*Data shown*.
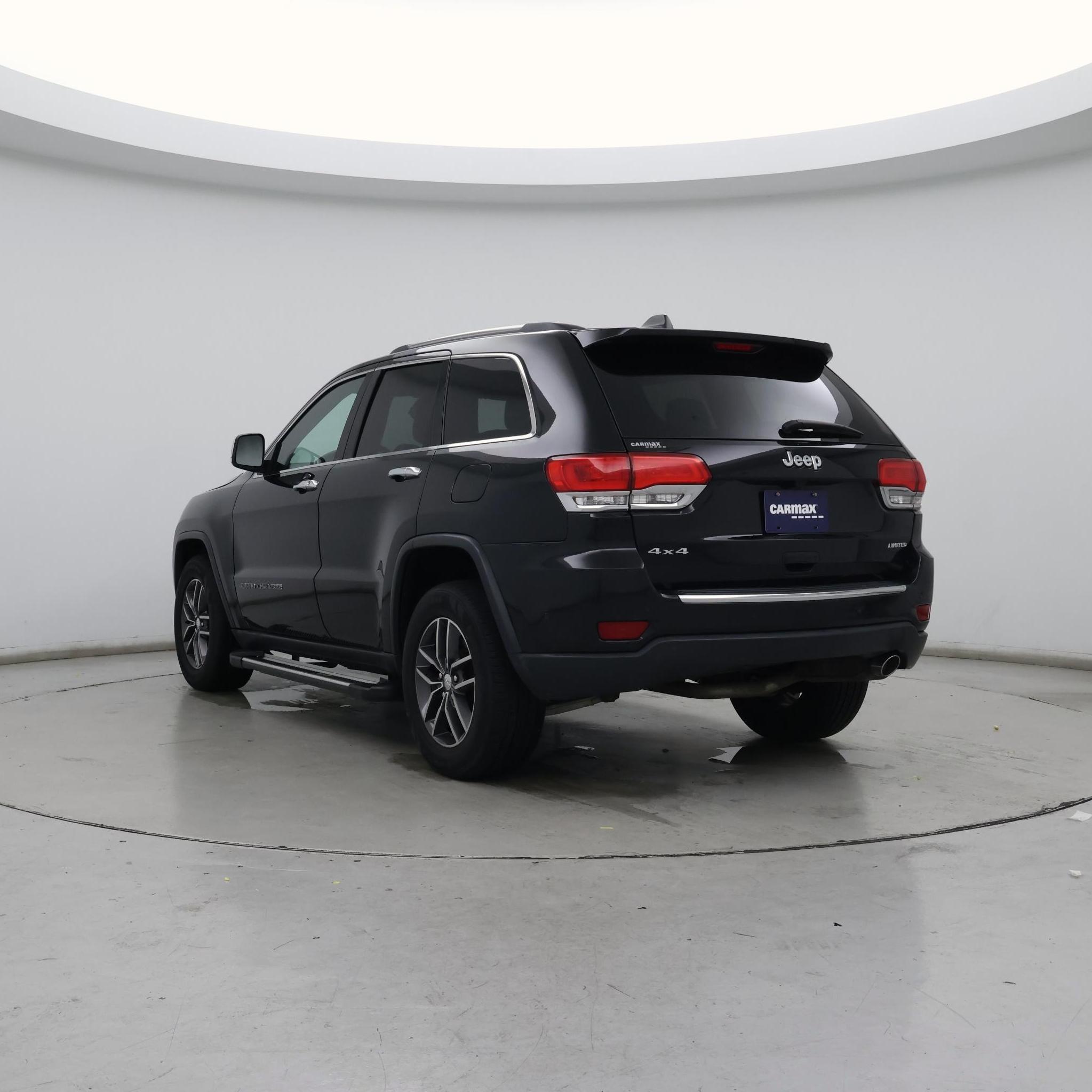 Thumbnail: 2017 Jeep Grand Cherokee - 2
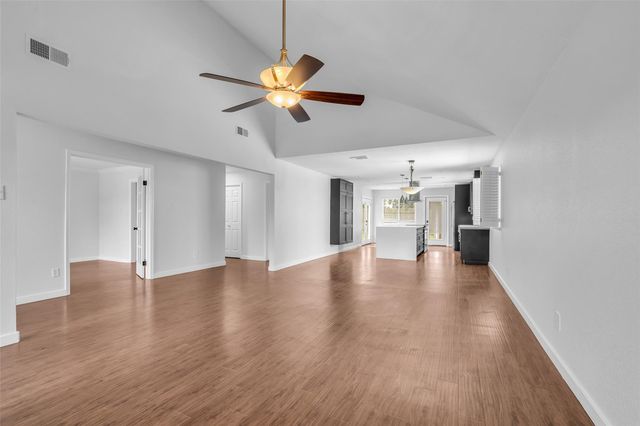 6835 Queensclub Drive, Houston, TX 77069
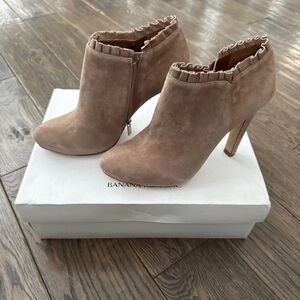 Banana Republic Suede Heeled Boots in Brown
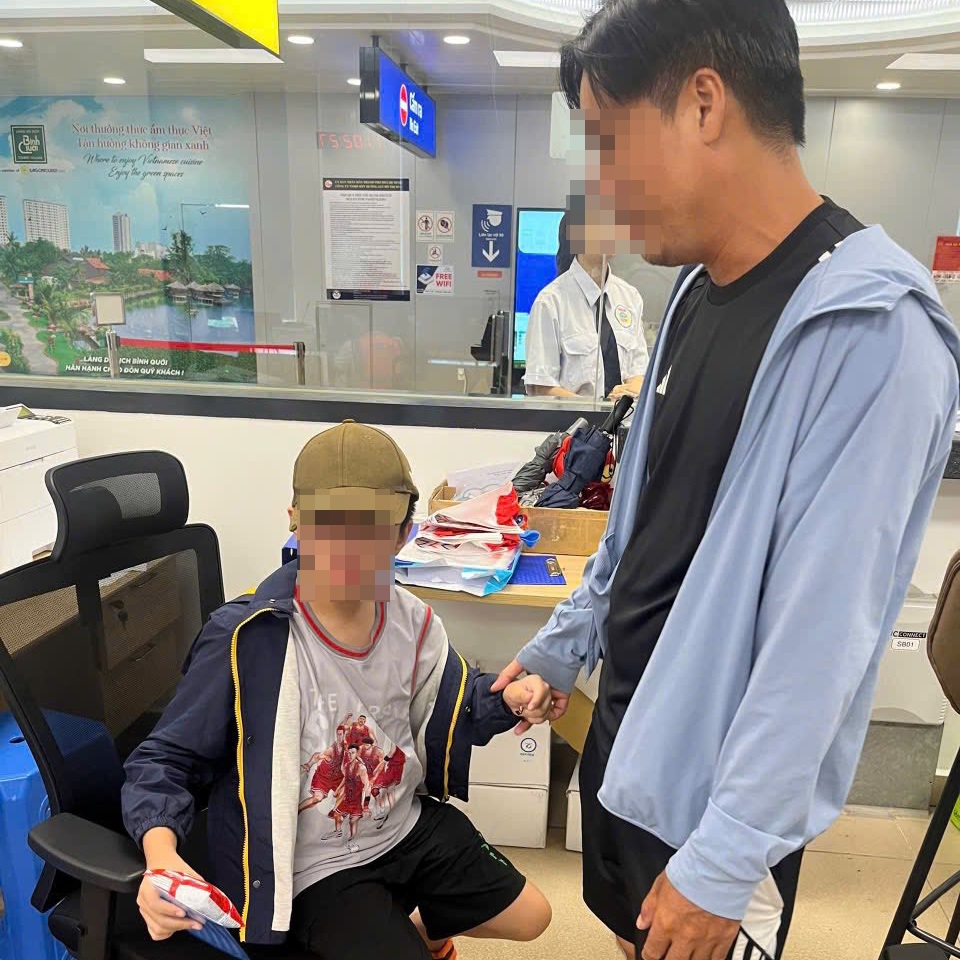 Bé trai một mình lọt lên tàu metro TPHCM, cha mẹ cuống cuồng đi tìm - 1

*Work item*. Beginning at the line that contains "Banana Republic Suede Heeled Boots in Brown", transcribe it and every later line through the last line of the data above, exactly, and drop the pictures.

*Answer space*.
 Banana Republic Suede Heeled Boots in Brown
 Bé trai một mình lọt lên tàu metro TPHCM, cha mẹ cuống cuồng đi tìm - 1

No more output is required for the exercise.